113607-132

Survival and long-term follow-up of safety and response in patients (pts) with advanced melanoma (MEL) in a phase I trial of nivolumab (anti-PD-1; BMS-936558; ONO-4538).

Subcategory: 
Category: 
Melanoma/Skin Cancers
Session Type and Session Title: 
Oral Abstract Session, Melanoma/Skin Cancers
Abstract Number: 

CRA9006^

Citation: 

J Clin Oncol 31, 2013 (suppl; abstr CRA9006^)

Author(s): 

Mario Sznol, Harriet M. Kluger, F. Stephen Hodi, David F. McDermott, Richard D. Carvajal, Donald P. Lawrence, Suzanne Louise Topalian, Michael B. Atkins, John D. Powderly, William Howard Sharfman, Igor Puzanov, David C. Smith, Jon M. Wigginton, Georgia Kollia, Ashok Kumar Gupta, Jeffrey Alan Sosman; Yale Cancer Center, New Haven, CT; Yale University, New Haven, CT; Dana-Farber Cancer Institute, Boston, MA; Memorial Sloan-Kettering Cancer Center, New York, NY; Massachusetts General Hospital Cancer Center, Boston, MA; Sidney Kimmel Comprehensive Cancer Center at Johns Hopkins University, Baltimore, MD; Georgetown University Lombardi Comprehensive Cancer Center, Washington, DC; Carolina BioOncology Institute, Huntersville, NC; Vanderbilt University Medical Center, Nashville, TN; University of Michigan Comprehensive Cancer Center, Ann Arbor, MI; Bristol-Myers Squibb, Princeton, NJ


Abstracts that were granted an exception in accordance with ASCO's Conflict of Interest Policy are designated with a caret symbol (^).

Abstract Disclosures

Abstract: 

Background: The monoclonal antibody nivolumab blocks PD-1, an inhibitory immune checkpoint receptor expressed by activated T cells.
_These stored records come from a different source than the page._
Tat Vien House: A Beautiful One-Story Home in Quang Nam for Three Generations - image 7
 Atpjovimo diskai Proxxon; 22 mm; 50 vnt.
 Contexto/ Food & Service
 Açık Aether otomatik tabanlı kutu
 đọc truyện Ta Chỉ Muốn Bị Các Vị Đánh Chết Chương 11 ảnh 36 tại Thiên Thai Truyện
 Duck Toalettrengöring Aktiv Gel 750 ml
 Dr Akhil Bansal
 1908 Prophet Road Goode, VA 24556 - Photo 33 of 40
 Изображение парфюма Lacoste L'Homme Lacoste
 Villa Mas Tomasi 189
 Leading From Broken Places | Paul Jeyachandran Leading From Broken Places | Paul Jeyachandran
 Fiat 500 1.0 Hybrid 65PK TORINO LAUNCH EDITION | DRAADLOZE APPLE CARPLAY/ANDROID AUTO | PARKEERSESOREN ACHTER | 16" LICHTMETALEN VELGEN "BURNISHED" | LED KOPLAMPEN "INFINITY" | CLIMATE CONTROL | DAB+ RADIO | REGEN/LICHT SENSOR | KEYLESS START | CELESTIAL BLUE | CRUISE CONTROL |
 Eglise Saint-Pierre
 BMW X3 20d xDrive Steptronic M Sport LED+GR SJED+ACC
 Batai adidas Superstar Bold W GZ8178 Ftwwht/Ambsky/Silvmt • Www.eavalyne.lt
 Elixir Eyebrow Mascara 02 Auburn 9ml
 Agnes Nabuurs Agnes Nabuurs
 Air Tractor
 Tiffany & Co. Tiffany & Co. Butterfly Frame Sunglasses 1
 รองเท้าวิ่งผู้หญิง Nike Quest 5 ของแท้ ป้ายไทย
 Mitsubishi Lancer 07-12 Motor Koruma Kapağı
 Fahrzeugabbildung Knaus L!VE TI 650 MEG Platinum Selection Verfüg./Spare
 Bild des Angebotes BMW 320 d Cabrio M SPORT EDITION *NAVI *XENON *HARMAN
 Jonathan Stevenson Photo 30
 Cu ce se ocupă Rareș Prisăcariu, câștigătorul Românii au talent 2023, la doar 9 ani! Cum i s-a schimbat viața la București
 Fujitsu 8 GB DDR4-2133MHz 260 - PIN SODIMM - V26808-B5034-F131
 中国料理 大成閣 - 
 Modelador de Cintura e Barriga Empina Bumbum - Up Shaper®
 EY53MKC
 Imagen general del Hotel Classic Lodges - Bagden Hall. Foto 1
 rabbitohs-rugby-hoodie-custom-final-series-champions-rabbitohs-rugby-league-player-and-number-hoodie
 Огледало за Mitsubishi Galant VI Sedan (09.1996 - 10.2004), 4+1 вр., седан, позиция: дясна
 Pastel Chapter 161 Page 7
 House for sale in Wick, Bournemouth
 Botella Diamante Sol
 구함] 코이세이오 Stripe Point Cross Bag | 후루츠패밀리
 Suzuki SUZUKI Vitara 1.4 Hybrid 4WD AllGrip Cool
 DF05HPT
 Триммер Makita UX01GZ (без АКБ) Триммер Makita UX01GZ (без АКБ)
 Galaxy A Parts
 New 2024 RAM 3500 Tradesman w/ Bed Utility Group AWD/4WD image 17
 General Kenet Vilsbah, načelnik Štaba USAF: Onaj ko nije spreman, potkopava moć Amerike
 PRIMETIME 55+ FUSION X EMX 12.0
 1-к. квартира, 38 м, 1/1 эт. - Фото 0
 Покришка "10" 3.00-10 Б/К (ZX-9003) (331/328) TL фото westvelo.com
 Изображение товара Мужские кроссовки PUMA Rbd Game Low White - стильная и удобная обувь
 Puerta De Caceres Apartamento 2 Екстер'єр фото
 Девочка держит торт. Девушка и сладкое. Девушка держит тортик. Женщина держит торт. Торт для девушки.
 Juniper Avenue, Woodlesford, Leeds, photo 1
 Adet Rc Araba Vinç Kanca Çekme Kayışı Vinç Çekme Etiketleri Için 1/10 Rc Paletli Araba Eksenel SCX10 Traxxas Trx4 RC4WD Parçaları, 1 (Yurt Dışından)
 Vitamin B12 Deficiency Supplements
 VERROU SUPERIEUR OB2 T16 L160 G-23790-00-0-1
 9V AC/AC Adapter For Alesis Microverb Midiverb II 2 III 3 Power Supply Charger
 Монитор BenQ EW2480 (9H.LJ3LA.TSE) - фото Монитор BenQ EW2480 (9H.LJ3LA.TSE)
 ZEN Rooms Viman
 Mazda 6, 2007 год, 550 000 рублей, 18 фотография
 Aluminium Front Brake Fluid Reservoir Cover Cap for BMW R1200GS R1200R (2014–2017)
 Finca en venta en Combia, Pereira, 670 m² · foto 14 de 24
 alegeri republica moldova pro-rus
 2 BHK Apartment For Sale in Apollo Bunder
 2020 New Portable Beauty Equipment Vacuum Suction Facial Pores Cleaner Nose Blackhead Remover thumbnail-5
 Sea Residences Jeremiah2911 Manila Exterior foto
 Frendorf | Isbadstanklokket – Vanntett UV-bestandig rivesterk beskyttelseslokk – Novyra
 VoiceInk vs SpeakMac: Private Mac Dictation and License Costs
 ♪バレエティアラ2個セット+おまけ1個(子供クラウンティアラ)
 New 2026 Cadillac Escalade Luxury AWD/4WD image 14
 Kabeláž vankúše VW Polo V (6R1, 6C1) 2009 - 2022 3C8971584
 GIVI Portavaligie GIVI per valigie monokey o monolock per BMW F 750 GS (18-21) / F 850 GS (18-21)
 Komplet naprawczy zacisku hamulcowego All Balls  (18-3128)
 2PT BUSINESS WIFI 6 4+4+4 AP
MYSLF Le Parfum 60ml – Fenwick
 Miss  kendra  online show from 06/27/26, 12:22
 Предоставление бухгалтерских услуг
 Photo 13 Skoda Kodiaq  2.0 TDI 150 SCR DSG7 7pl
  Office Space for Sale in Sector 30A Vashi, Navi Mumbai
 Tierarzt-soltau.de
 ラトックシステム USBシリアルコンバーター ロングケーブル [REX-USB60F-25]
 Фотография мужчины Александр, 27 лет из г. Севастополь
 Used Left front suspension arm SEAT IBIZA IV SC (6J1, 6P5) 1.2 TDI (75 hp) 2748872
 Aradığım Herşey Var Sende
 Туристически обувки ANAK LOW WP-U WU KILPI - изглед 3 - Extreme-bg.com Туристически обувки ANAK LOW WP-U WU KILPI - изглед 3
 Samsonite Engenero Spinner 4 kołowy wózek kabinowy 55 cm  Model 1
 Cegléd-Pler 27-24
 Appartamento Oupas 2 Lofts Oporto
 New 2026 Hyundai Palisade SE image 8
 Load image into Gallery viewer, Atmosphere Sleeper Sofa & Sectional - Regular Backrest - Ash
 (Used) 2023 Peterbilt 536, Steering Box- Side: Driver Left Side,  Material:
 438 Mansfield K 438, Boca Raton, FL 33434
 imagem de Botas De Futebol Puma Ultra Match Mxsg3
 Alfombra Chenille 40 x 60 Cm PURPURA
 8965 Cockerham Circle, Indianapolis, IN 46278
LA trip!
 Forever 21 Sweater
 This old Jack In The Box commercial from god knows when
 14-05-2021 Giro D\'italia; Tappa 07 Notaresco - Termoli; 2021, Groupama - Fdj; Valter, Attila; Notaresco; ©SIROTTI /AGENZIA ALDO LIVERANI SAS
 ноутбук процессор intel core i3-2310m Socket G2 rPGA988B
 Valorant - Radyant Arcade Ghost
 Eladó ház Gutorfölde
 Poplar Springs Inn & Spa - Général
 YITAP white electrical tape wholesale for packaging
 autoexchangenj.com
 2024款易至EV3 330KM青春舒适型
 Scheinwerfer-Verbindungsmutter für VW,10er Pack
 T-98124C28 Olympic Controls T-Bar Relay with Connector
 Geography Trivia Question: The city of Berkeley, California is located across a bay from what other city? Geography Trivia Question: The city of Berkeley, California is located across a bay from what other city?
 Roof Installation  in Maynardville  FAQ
Pts with previously treated MEL or other tumors received nivolumab IV Q2W during dose escalation and/or cohort expansion in a phase I trial (Topalian et al., NEJM 2012;366:2443). Methods: Pts received ≤12 cycles (4 doses/cycle) of treatment until discontinuation criteria were met. Cohorts of MEL pts were expanded at 0.1, 0.3, 1, 3, and 10 mg/kg. We report overall survival data and long-term safety and response data from the MEL pts treated on this study. Results: 107 MEL pts received nivolumab as of July 2012. 103/107 pts (97%) were ECOG PS ≤1 and approximately 25% received ≥3 prior therapies. Median OS was 16.8 months across doses and 20.3 months at the 3 mg/kg dose selected for phase III trials. 44% and 40% of pts were alive at 2 and 3 yrs (Table). ORs were observed at all doses (highest at 3 mg/kg) (Table). Of 29 responders who initiated treatment ≥1 year prior to data analysis, 16 had responses lasting ≥1 year. Drug-related AEs (any grade) occurred in 82% of pts, with Gr 3-4 drug-related AEs in 21% of pts; the most common included lymphopenia (3%), fatigue, and increased lipase (2%). Gr 3-4 drug-related diarrhea (2%), endocrine disorders (2%), and hepatitis (1%) was observed. No Gr ≥3 drug-related pneumonitis was observed in the MEL cohort. Conclusions: In this large cohort of pretreated MEL pts, nivolumab produced durable OS and responses with an acceptable safety profile. OS compares favorably with historical data. Data updated as of Feb 2013 will be reported. Phase III registration trials have been initiated. Clinical trial information: NCT00730639.

Dose
mg/kg
na ORR, n (%) Median OS
months (95% CI)
All 106 33 (31) 16.8 (12.5 – NR)
0.1 17 6 (35) NR (8.6 – NR)
0.3 18 5 (28) 12.5 (7.7 – NR)
1 34 11 (32) NR (8.2 – NR)
3 17 7 (41)b 20.3 (8.2 – NR)
10 20 4 (20) 10.5 (7.2 – NR)
OS ratec % (95% CI) Pts at risk, n
1 Yr 61% (52-71) 50
2 Yr 44% (33-56) 24
3 Yr 40% (29-52) 1

a Response-evaluable pts on study ≥6 mo. b 1 CR. cAll doses. OS estimates after 1 year reflect heavy censoring and shorter follow-up for pts enrolling later in the study. NR = not reached.